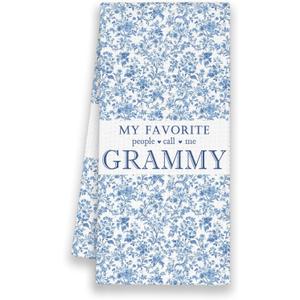 My Favorite People Call Me Grammy Gifts Kitchen Towels, Grandma Bathroom Hand Towels Gifts for Christmas Mother's Day, Blue And White Porcelain Chinoiserie Floral Tea Dish Towel Decor 16x24in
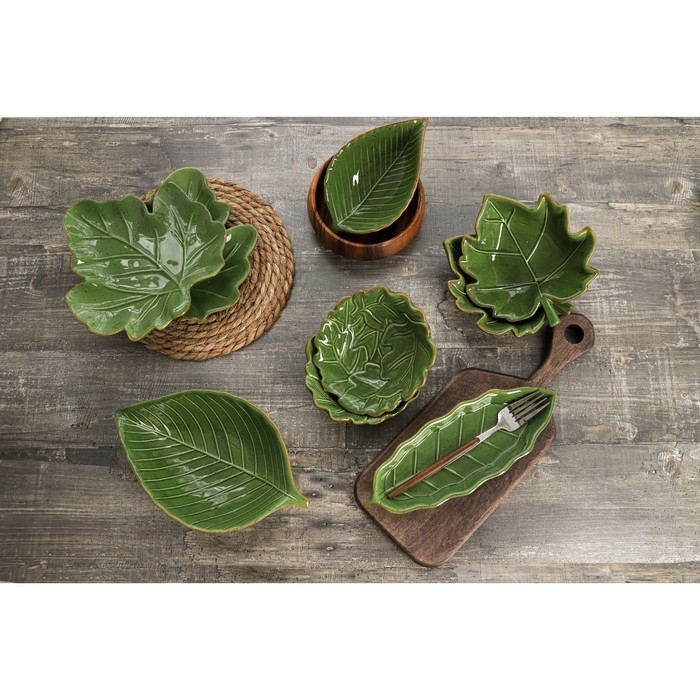 Салатник Доляна «Лист», 170 мл, 18×10,5 см, цвет зелёный Салатник Доляна «Лист», 170 мл, 18×10,5 см, цвет зелёный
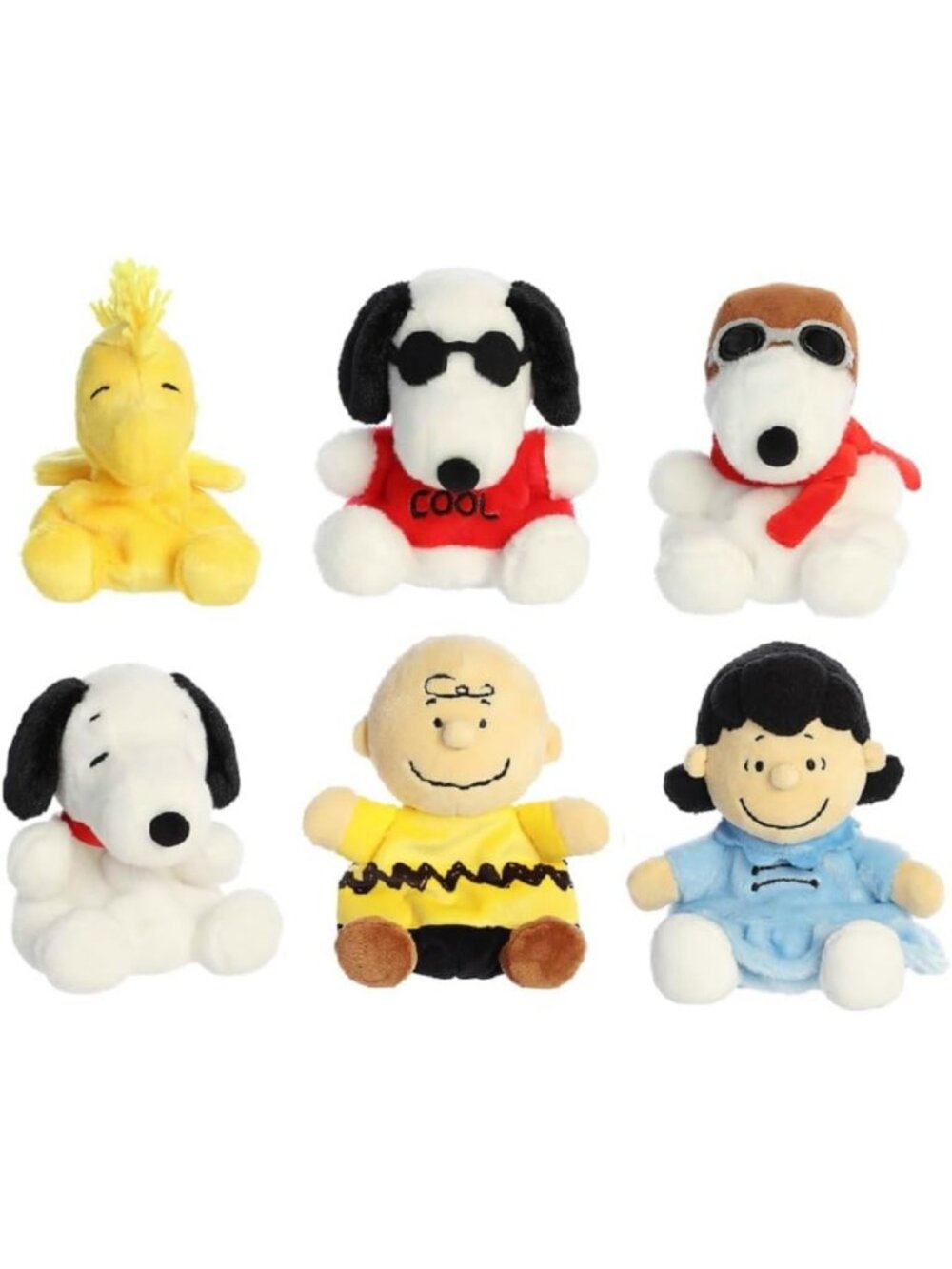 6-Piece Plush Toy Bundle - Charlie Brown, Lucy, Woodstock & Snoopy - Soft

---+---

*Exercise description:*
Wherever an image sits in the data, omit it; everything else must be copied exactly.

*Expected answer:*
 My Favorite People Call Me Grammy Gifts Kitchen Towels, Grandma Bathroom Hand Towels Gifts for Christmas Mother's Day, Blue And White Porcelain Chinoiserie Floral Tea Dish Towel Decor 16x24in
 Салатник Доляна «Лист», 170 мл, 18×10,5 см, цвет зелёный Салатник Доляна «Лист», 170 мл, 18×10,5 см, цвет зелёный
 6-Piece Plush Toy Bundle - Charlie Brown, Lucy, Woodstock & Snoopy - Soft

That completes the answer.